In questo periodo aumentano anche i decessi?
I dati dell’analisi finlandese offrono su questo punto una certa consolazione. Nella settimana successiva al passaggio all’ora legale, il numero di decessi ospedalieri dovuti a ictus non aumentava in modo drammatico. Questo significa che i pazienti che arrivavano rapidamente in reparto avevano probabilità di sopravvivenza comparabili a quelle di qualsiasi altro periodo dell’anno.
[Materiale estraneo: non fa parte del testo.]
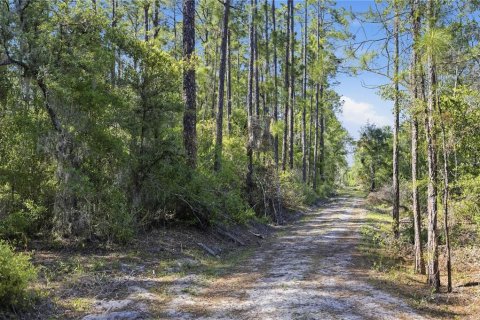 Land in Fort MC Coy, Florida № 2096676 - photo 17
Questo dato sottolinea ulteriormente l’importanza della rapidità di reazione. Se i familiari o i testimoni dell’evento non sottovalutano i sintomi e il paziente viene portato in ospedale entro la “finestra temporale” adeguata, le moderne terapie per l’ictus possono ridurre in modo significativo le conseguenze permanenti. I medici dispongono di trombolisi, trombectomia meccanica e altri trattamenti che risultano più efficaci entro quattro ore e mezza dalla comparsa dei primi sintomi.
Come ridurre il rischio di ictus con l’arrivo dell’ora legale
Pochi hanno il potere di influenzare le decisioni politiche sul cambio dell’ora. Puoi però preparare il tuo organismo affinché la transizione risulti meno traumatica. Piccole modifiche nella routine quotidiana, nei giorni che precedono e seguono il cambio, possono alleggerire il carico su cuore, vasi e cervello.
Vai a letto un po’ prima: già due o tre giorni prima del cambio dell’ora, anticipa il momento di addormentarti di 10-15 minuti al giorno, fino a raggiungere il nuovo orario. Evita le notti troppo corte: i primi giorni di aprile non sono il momento migliore per serate tardive, straordinari o lunghi viaggi notturni in auto.
Rispetta la terapia e monitora i valori: le persone con ipertensione, aritmia, diabete o con un pregresso ictus devono essere particolarmente scrupolose nell’assumere i farmaci e nel controllare la pressione e la glicemia. È utile impostare promemoria sul telefono per non dimenticare l’assunzione regolare dei medicinali.
Limita alcol e pasti pesanti la sera: affaticano il cuore e compromettono il sonno, aumentando ulteriormente la stanchezza dei vasi sanguigni. Punta su una passeggiata di giorno: l’esposizione alla luce naturale aiuta a sincronizzare l’orologio biologico interno con il nuovo orario. Anziani, persone con patologie tumorali, chi ha avuto un infarto o soffre di insufficienza cardiaca dovrebbero evitare sforzi fisici estremi o viaggi stressanti in questo periodo.
Un cambiamento così piccolo può davvero avere un impatto così grande sulla salute? Sì, e la spiegazione risiede nell’interazione tra più fattori: sonno, ormoni, pressione arteriosa e coagulabilità del sangue. Conoscere questo rischio è già il primo passo per proteggersi.